Let's discuss a few ways to improve the assessment of the performance:

**A.15)** Separate positive and negative examples :

```
### A.15) A confusion matrix gives more information than just accuracy
print('Confusion Matrix: ');print(table( linear2.prediction, linear2.test.output, dnn= c("prediction","reality") ))
```

**A.16)** ROC Curves (See wikipedia):

```
linear2.prediction.score <- predict( linear2.svm, linear2.test.input, type='decision' )
require( 'ROCR' )
## ROC
linear2.roc.curve <- performance( prediction( linear2.prediction.score, linear2.test.output ), measure='tpr', x.measure='fpr' )
plot( linear2.roc.curve )
```

### Part B: Non-Linear dataset.

This part deals with the 'nonlinear' dataset.**B.1/B.2/B.3)** Trying linear SVM on a dataset where it is not appropriate.

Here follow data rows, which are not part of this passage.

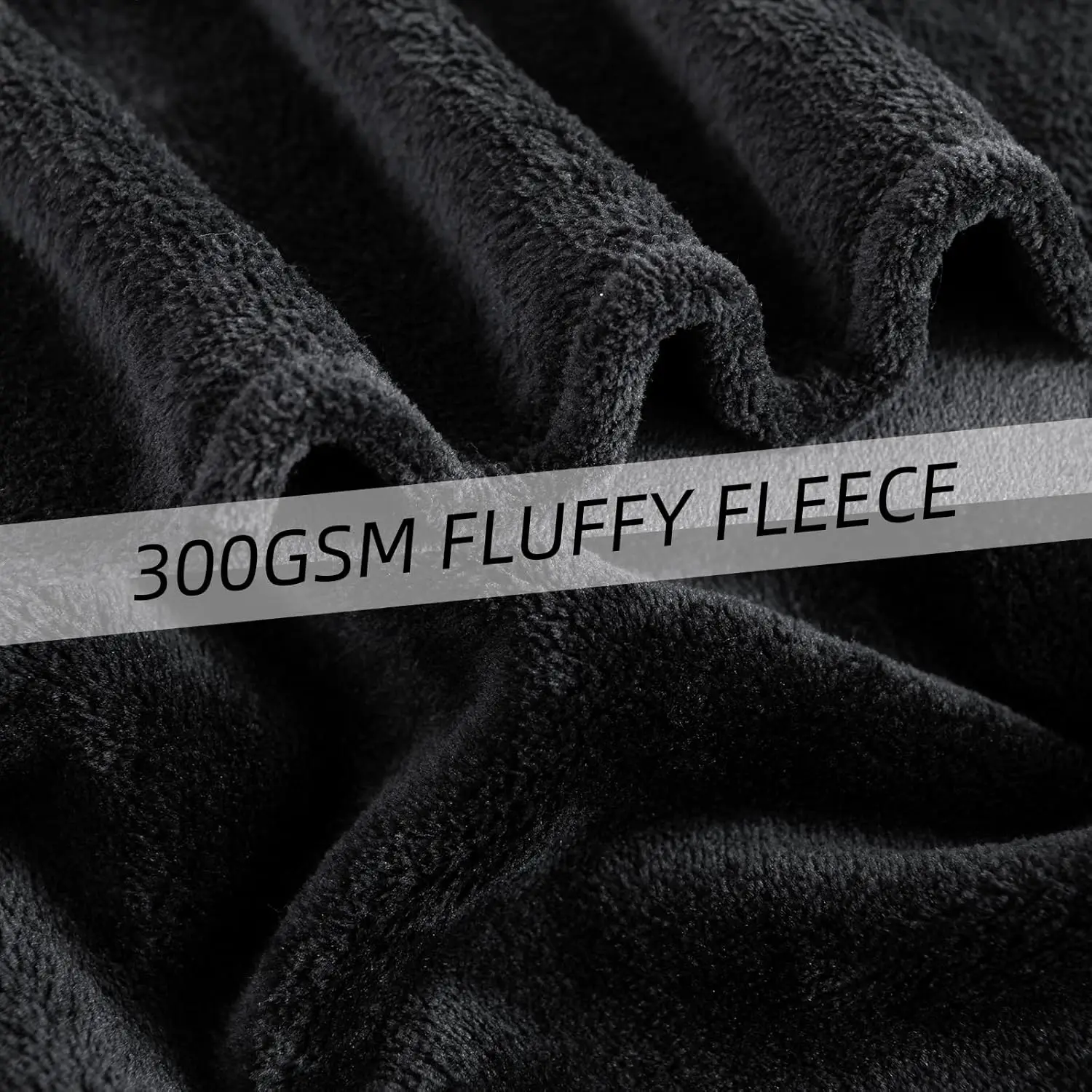 Good Nite Kuscheldecke aus flauschigem Fleece – Bild 5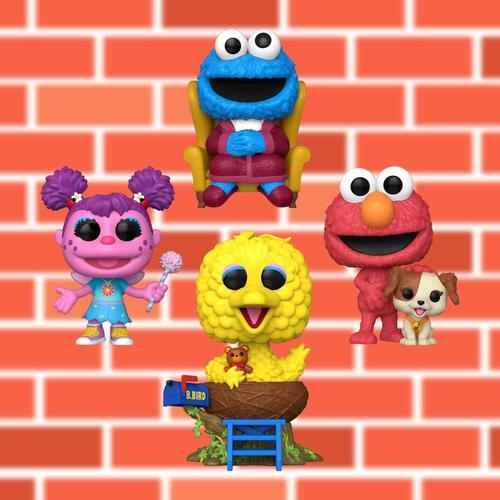 Jual ORIGINAL Funko Pop Sesame Street Elmo Cookie Monster Big Bird Abby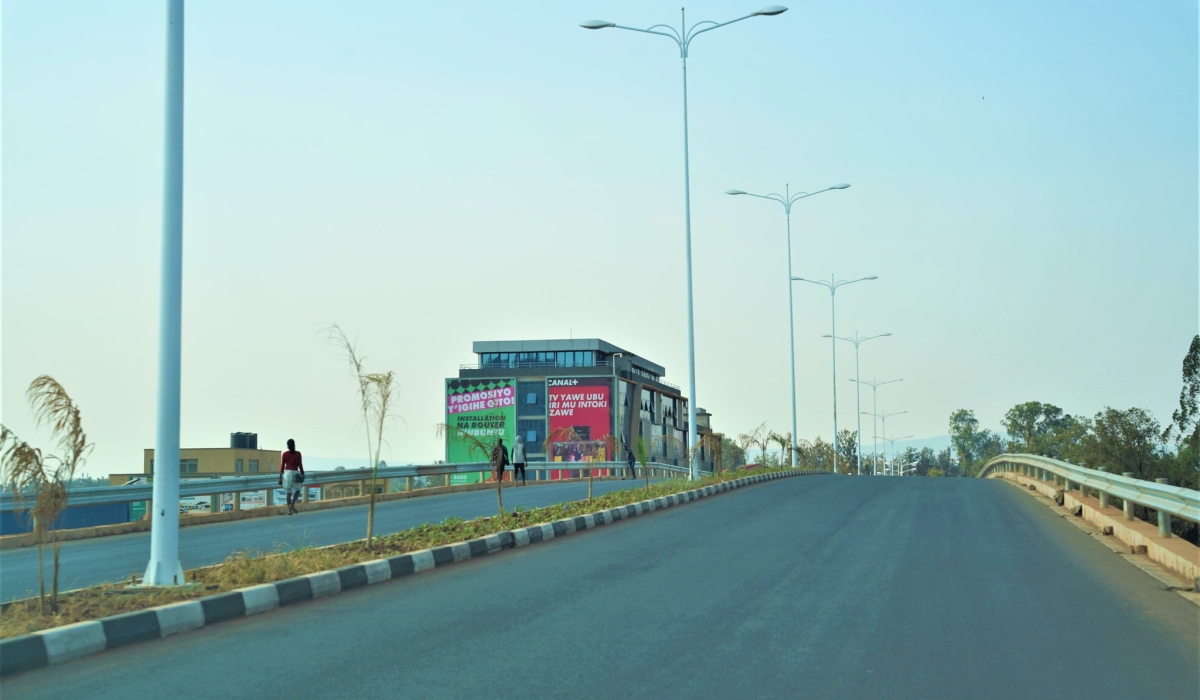 A view of Kicukiro-Bugesera highway in Kigali.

Let's try a different kernel

**B.4)** RBF Kernel:

```
nonlinear.svm <- ksvm( y ~ ., data=nonlinear.train, type='C-svc',
kernel='rbf', kpar=list(sigma=1),
C=100, scale=c() )
plot( nonlinear.svm, data=nonlinear.train )
```

**Question 4:** Recall what is the parameter `C`

in the svm. In the following we will see what happens when we vary `C`

.

**B.5)** Impact of `C`

```
require('manipulate')
manipulate( plot( ksvm( y ~ ., data=nonlinear.train, type='C-svc',
kernel=k, C=2^c.exponent, scale=c() ),
data=nonlinear.train ),
c.exponent=slider(-10,10),
k=picker('Gaussian'='rbfdot', 'Linear'='vanilladot',
'Hyperbolic'='tanhdot','Spline'='splinedot',
'Laplacian'='laplacedot') )
```

**B.6)** Visualization of the impact of `C`

on the prediction accuracy (**Bias-Variance Tradeoff**):

```
### B.6) Bias-Variance Tradeoff
BiasVarianceTradeoff <- function( dataset, cross=10, c.seq=2^seq(-10, 10), ... ) {
err <- sapply( c.seq, function( c )
{
cross( ksvm( y ~ ., data=dataset, C=c, cross=cross, ...) )
})
return(data.frame( c=c.seq, error=err ))
}
qplot( c, error, data=BiasVarianceTradeoff( nonlinear.train, type='C-svc', kernel='rbfdot' ), geom='line', log='x' )
```

**Question 5:** How to choose `C`

?

### Part C: Acute lymphoblastic leukemia dataset.

In this part, we work on a real public dataset of *Acute lymphoblastic leukemia (ALL)* patients.We are interested in classifying leukemia patients into two classes: *B-cell ALL* vs *T-cell ALL* because this classification can have an impact on the **patient's prognosis** or **its response to a given treatment**.

```
source( 'http://bioconductor.org/biocLite.R' )
biocLite( 'ALL' )
require( 'ALL' )
data( 'ALL' )
# Inspect the data
?All
source( All )
print( summary(pData(ALL)) ) # Display the available data name, type and amount
# Look at the different class of each patient
print( ALL$BT )
```

**C.1)** Can we train a classifier that separate with a good accuracy B-cell leukemia from T-cell leukemia ?

```
## Preprocessing of the data:
all.features <- t(exprs(ALL)) ## matrix of size (n=128 x p=12625) containing gene expression profiles of patients with Acute lymphoblastic leukemia.
all.class_binary <- substr( ALL$BT, 1, 1 ) ## output y (2 classes) (classification of leukemia: B-cell ALL vs T-cell ALL).
```

**C.2)** When we add supplementary clinical information, we have more than 2 classes (*B1*, *B2*,...). How can you derive from what you learned a SVM classifier that can predict more than 2 classes?